Suppose the text consists of m words, which we will number from 1 to m. Define f(i, j) to be the maximum width (in characters) of any line in an optimal (minimal-width) solution to the subproblem consisting of just the first i words, under the restriction that exactly j line breaks are used. Then the width of the best possible sequence of breaks to the entire problem will be given by f(m, n). This can be solved fairly efficiently using dynamic programming.
Let the total length in characters of the fragment between word i and word j >= i, inclusive, be len(i, j). (This is easy to calculate: Just compute an array of m+1 values len0[j], for 0 <= j <= m, each giving the total length in characters of the fragment consisting of the first j words; then len(i, j) is just len0[j] - len0[i-1] - 1, with the convention that len0[0] = -1.)
The base case is easy:
f(i, 0) = len(0, i) (i.e., if there are no line breaks)
The recursive case is:
f(i, j) = the minimum over all 0 <= k < i of max(f(k, j-1), len(k+1, i))

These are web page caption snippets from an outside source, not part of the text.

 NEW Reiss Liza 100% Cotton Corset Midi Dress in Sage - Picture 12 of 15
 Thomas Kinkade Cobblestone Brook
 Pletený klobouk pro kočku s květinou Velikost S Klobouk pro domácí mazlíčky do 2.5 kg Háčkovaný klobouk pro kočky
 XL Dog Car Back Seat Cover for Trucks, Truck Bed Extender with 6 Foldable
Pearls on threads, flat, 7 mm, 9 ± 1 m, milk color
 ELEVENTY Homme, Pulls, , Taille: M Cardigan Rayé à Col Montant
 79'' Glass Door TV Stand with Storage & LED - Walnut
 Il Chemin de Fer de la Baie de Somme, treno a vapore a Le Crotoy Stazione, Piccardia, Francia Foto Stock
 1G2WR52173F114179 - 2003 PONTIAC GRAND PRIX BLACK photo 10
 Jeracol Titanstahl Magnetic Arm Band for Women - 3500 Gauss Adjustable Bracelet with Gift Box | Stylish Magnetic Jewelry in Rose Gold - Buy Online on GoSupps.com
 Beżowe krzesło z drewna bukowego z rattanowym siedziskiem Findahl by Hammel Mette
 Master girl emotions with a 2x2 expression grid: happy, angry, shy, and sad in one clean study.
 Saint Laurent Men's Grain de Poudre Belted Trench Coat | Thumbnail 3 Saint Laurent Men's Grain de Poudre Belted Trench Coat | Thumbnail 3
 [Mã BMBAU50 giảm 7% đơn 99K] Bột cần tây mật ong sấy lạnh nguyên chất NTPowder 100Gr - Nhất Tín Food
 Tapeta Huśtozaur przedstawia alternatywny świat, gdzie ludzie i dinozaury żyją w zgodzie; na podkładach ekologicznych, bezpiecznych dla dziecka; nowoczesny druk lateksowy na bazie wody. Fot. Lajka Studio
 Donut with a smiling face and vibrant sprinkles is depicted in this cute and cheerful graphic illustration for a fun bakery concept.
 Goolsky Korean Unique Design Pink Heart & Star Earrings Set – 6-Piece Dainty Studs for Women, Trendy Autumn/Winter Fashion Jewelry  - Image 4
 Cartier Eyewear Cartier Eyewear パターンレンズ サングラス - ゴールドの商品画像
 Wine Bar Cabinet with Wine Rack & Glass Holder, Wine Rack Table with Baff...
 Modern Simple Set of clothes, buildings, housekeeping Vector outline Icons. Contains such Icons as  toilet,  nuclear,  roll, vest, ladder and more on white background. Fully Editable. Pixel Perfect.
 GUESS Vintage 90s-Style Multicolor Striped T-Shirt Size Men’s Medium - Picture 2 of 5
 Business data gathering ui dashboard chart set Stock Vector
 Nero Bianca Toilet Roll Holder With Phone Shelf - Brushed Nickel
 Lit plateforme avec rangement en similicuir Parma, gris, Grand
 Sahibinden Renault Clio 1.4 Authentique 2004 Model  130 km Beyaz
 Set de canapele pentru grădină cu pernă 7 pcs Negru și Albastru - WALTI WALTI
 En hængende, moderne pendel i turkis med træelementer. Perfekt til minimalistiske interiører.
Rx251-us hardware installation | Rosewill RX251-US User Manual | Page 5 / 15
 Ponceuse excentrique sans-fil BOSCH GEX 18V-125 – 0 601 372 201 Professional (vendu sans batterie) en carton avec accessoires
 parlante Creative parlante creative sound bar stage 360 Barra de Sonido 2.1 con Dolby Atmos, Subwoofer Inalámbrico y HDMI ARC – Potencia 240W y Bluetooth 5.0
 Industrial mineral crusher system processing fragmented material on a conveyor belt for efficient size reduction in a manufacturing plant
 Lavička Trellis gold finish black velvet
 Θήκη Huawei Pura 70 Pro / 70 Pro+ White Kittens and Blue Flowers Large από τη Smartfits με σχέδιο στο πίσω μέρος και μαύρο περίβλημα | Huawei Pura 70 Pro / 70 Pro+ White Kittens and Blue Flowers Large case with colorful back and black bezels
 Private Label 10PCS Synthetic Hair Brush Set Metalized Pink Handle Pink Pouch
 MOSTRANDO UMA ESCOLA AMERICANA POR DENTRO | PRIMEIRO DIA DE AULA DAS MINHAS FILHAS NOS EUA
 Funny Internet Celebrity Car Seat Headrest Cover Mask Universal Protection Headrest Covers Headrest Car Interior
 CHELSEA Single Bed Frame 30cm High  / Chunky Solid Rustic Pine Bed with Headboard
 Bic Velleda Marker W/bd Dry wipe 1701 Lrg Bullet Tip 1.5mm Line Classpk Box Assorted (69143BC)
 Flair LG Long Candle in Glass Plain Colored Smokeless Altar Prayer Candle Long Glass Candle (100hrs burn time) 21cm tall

That is, to find the best way to break the first i words into j+1 lines (i.e. using j line breaks), we can try the following for every shorter k-word prefix: determine the best way to break that k-word prefix into j lines (i.e. using j-1 line breaks), and compare the maximum width we get from that with the width that results from putting the rest of the i-k words on a single line at the end. Each prefix gives us a different candidate solution, so we can pick the best of all of them.
Constructing a solution
Now that we can calculate the optimal width f(m, n), how can we use this to actually construct a solution? Fortunately there is a standard technique in dynamic programming for this. The fastest way is to record, during calculation of f(i, j), the (actually a, since there may in general be multiple optimal solutions) value of k that produced the minimum in a predecessor table pred[i][j]. Having calculated f(m, n) and filled in the predecessor table, we can then construct an optimal solution by walking backwards through it: pred[i][j] tells us a value k such that we can produce an optimal solution by adding a line break after word k, so add a line break there, and then look at pred[k][j-1] to find the position of the previous line break, continuing on until j reaches 0.
Time and space complexity
If the recursion is memoised using dynamic programming, then there are at most O(mn) different parameter combinations that f() could be called with (i ranges between 0 and m, and j ranges between 0 and n), and the time spent outside of recursive calls is O(m) (k can range between 0 and m, and the computation for each value of k is O(1)), so the time complexity of this solution is O(nm^2). The space complexity is O(mn), but by switching to a bottom-up DP this can easily be reduced to O(m), since while computing f(i, j) we only ever need access to values of f() for which the second parameter is j-1, meaning it suffices to actually store just the size-(m+1) array of computed values f(q, j-1) for 0 <= q <= m.